The Public Services Regulatory Authority (ARESEP) asked the Costa Rican Electricity Institute (ICE) to outline a plan to sell its electricity surplus to Central America’s Regional Electricity Market starting as soon as this month and up until December 2016.
According to ARESEP, selling that surplus — produced mostly by hydroelectric plants — to the regional market would generate profits and allow it to lower electricity rates in Costa Rica.
The country currently has a surplus of potential energy-generating water in reservoirs like Arenal, in Guanacaste. Water from the reservoir runs the country’s largest hydroelectric plant.
Water levels at Arenal reached five meters above ICE’s prediction for the first quarter of this year.
ARESEP experts say ICE will likely have to discharge excess water from the reservoir in coming months when the new Reventazón hydroelectric plant launches operations. They say ICE should sell the surplus electricity to other Central American countries.
The Tico Times sought ICE’s opinion on the recommendation but didn’t receive a response by close of business on Thursday.

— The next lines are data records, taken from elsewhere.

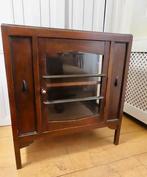 Amsterdamse School / Art Deco kastje - glazen zijwanden, Ophalen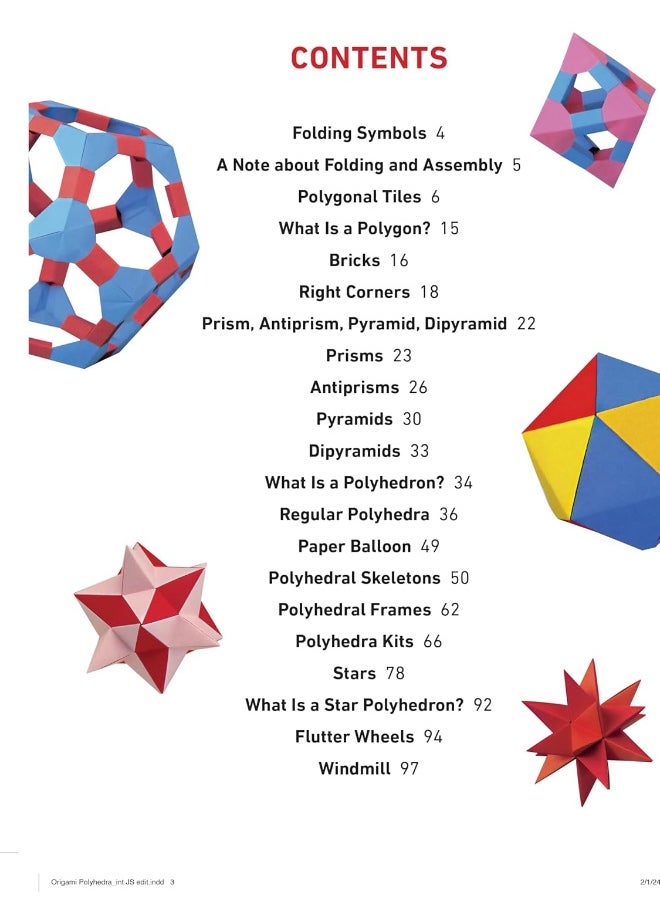 Origami Polyhedra for Beginners: Amazing Geometric Paper Models from a Leading Japanese Expert!  - Image 3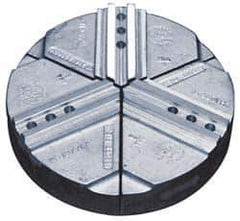 Abbott Workholding Products - 25" & Up Chuck Capacity, 3/32" x 90° Serrated Attachment, Round Soft Lathe Chuck Jaw - 3 Jaws, Cast Aluminum, 1-1/2" Btw Mount Hole Ctrs, 24" Wide x 4" High, 1.004" Groove, 0.7874" & 20mm Fastener - Exact Industrial Supply
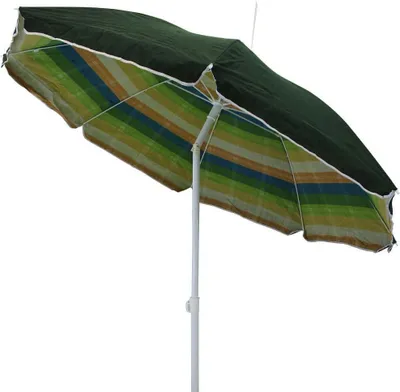Immagine prodotto di Milani Home - ombrellone da spiaggia diametro 2 m, palo centrale in acciaio, telo poliestere multicolor, inclinabile, per mare, piscina, giardino e campeggio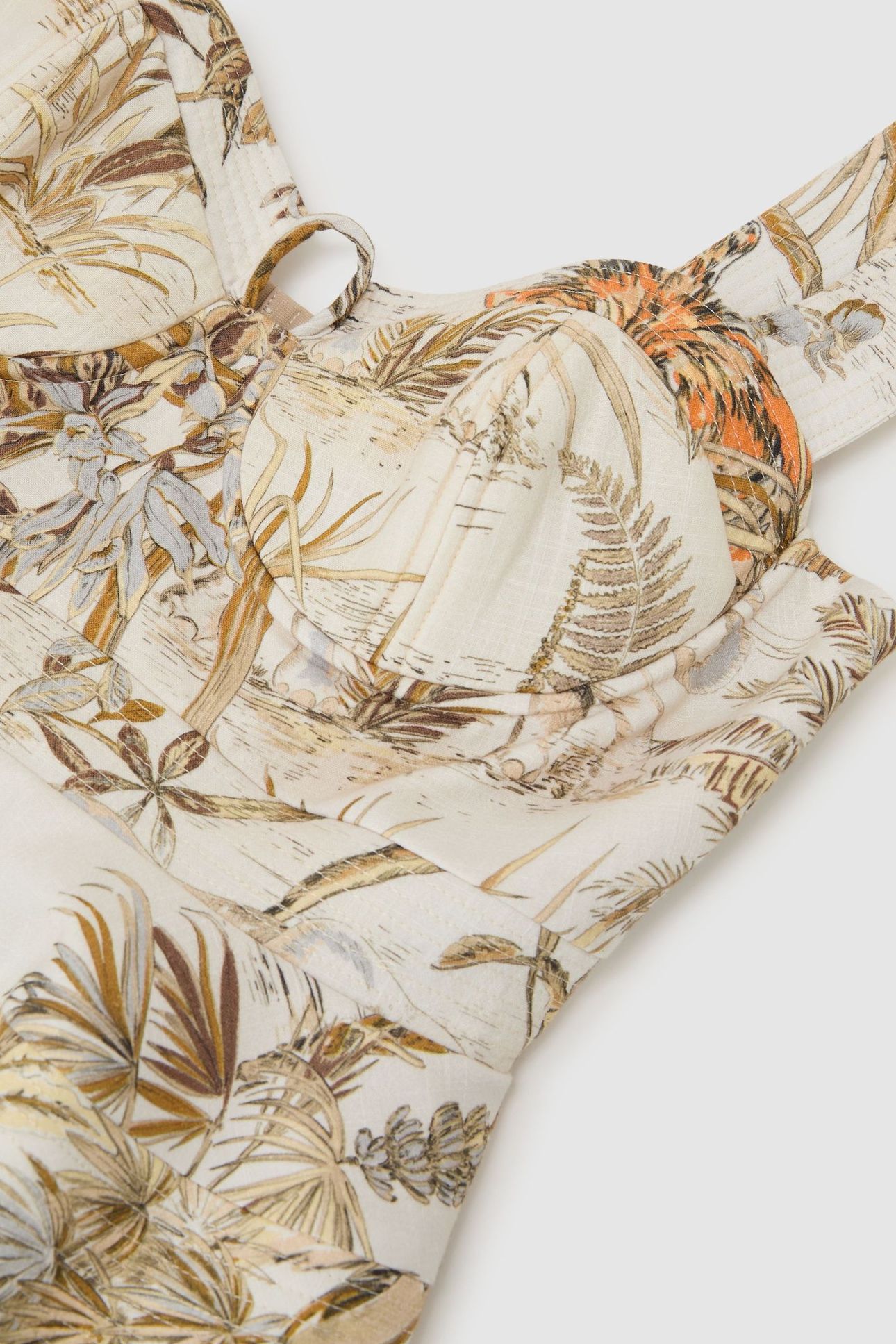 BUSTIER PRINTED TOP NEUTRAL 7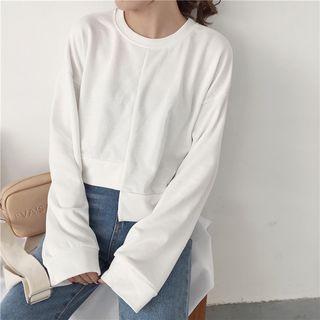 Plain Loose-fit Cropped Top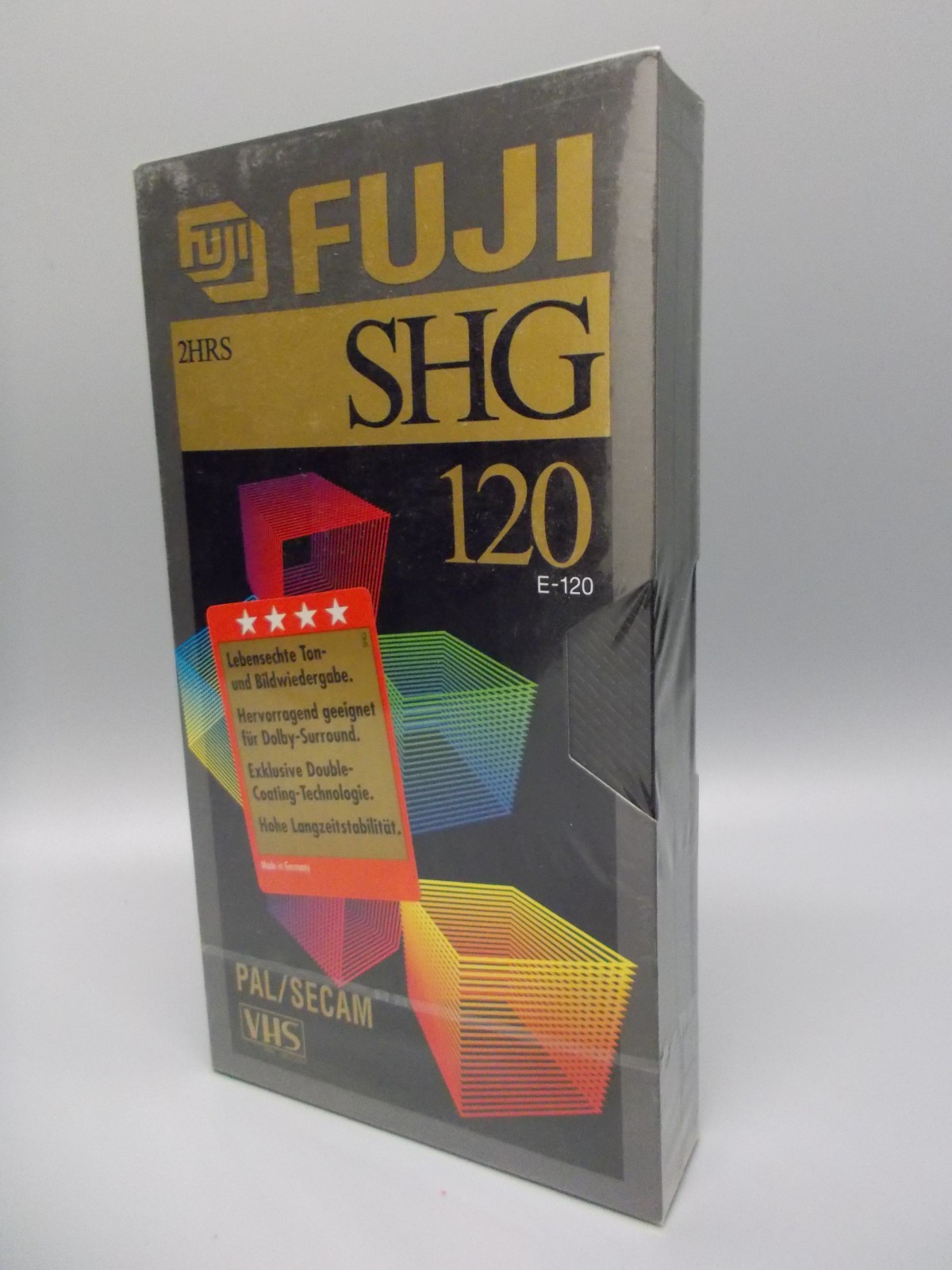 Fuji SHG, VHS Video Cassette, 120Min/2Hrs, OVP/New. #K-487-04
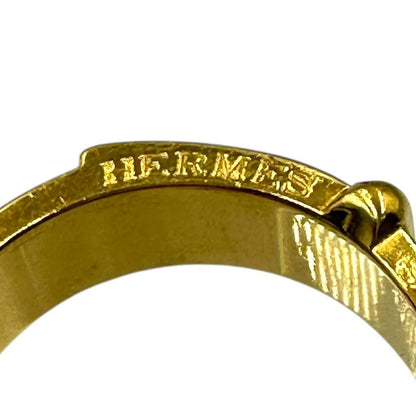 Hermes Scarf Ring Belt Motif Gold — view 6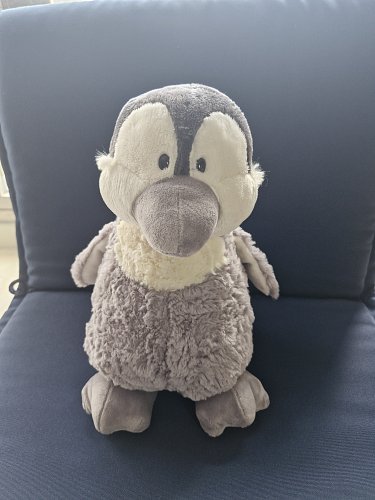 Nici Plüsch Baby Pinguin hellgrau 35cm stehend Schnee Winter Weihnachten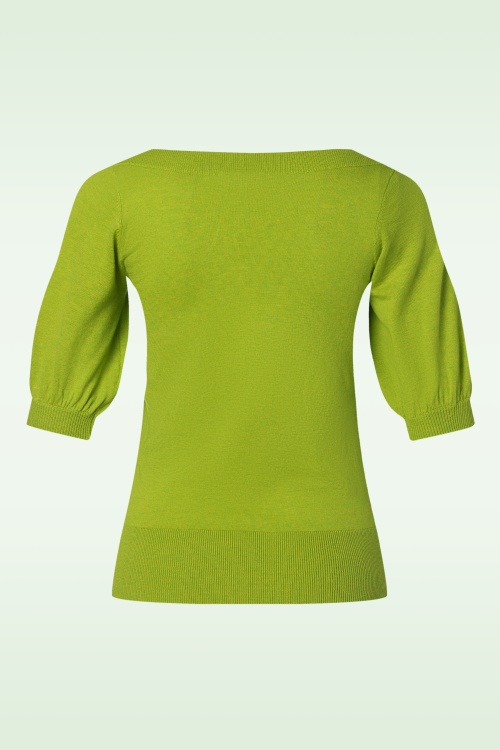 King Louie - Ivy Cocoon Top in Lime 4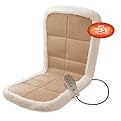 HoMedics 8-Motor Faux Suede and Shearling Cushion with Heat - Camel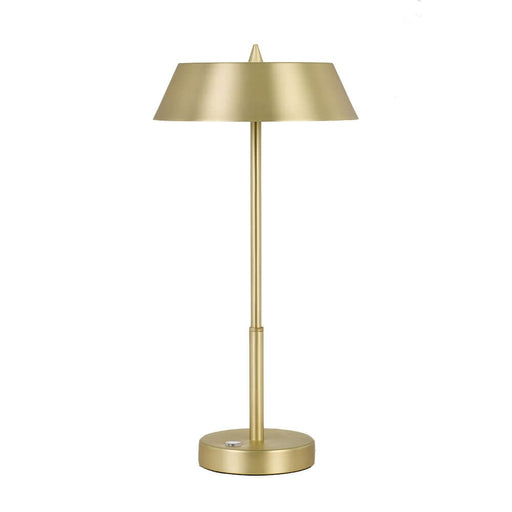 Modern Brass 3 Stage Touch LED Table Lamp With Gold Inner Shade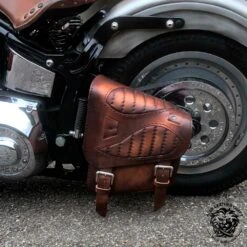 Motorrad Satteltasche Für Harley Davidson Softail Spider Vintage Braun V2 -Alex Leather Craft Verkäufe motorcycle saddlebag for harley davidson softail spider vintage brown v2 3 1000x1000 1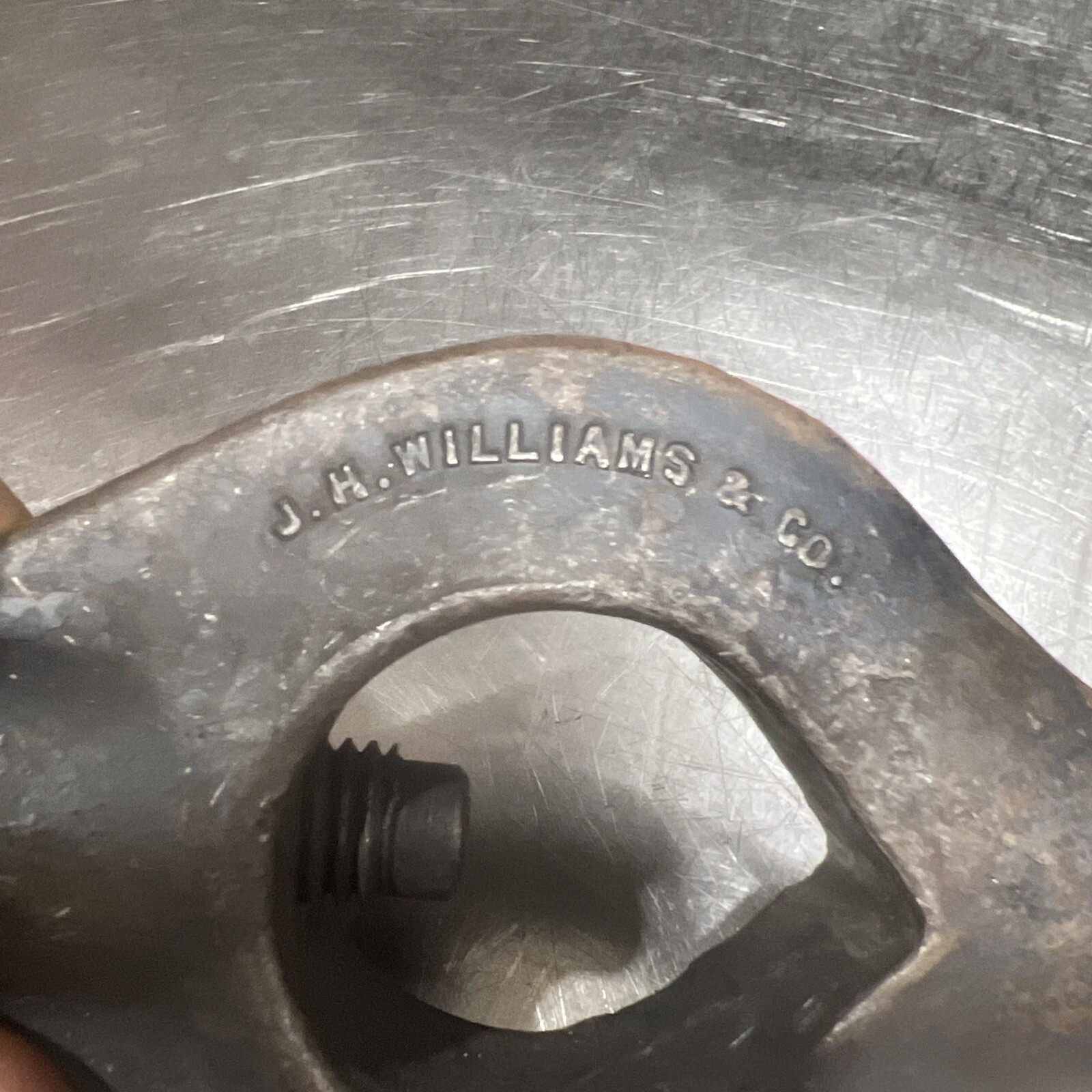 Vintage Vulcan Bent Tail Lathe Dog 1 3/4” No.7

Last year, Costa Rica exported its surplus electricity to other countries in the region and earned a profit of some $3.6 million, ARESEP reported.
“That is why we expect a positive response from ICE, considering that this is an opportunity to lower electricity rates and also benefit users,” ARESEP Energy Manager Juan Quesada Espinoza said.
According to ARESEP, Costa Rica’s participation last year in the regional electricity market allowed the country to save some $44 million in lower rates, mostly due to a 21 percent decrease in spending on fuel for thermal generation.
Ronald Jiménez Lara, president of the Costa Rican Union of Private-Sector Chambers and Associations, said Wednesday that his members fully support ARESEP’s request to ICE.
“According to the chambers’ calculations, the Arenal plant is capable of producing additional electricity of up to 500 gigawatts per hour above ICE’s current estimates. That energy in the Central American market would be worth some $50 million,” Jiménez said.
The business leader said lower electricity costs would benefit families as well as firms.
Several companies in recent years have moved their operations out of Costa Rica, citing high electricity costs among their main reasons.
Historically, Costa Rica has met 95 percent of its electricity needs with renewable energy. Last month ICE reported that all electricity used during the first 75 days of this year came from renewable sources.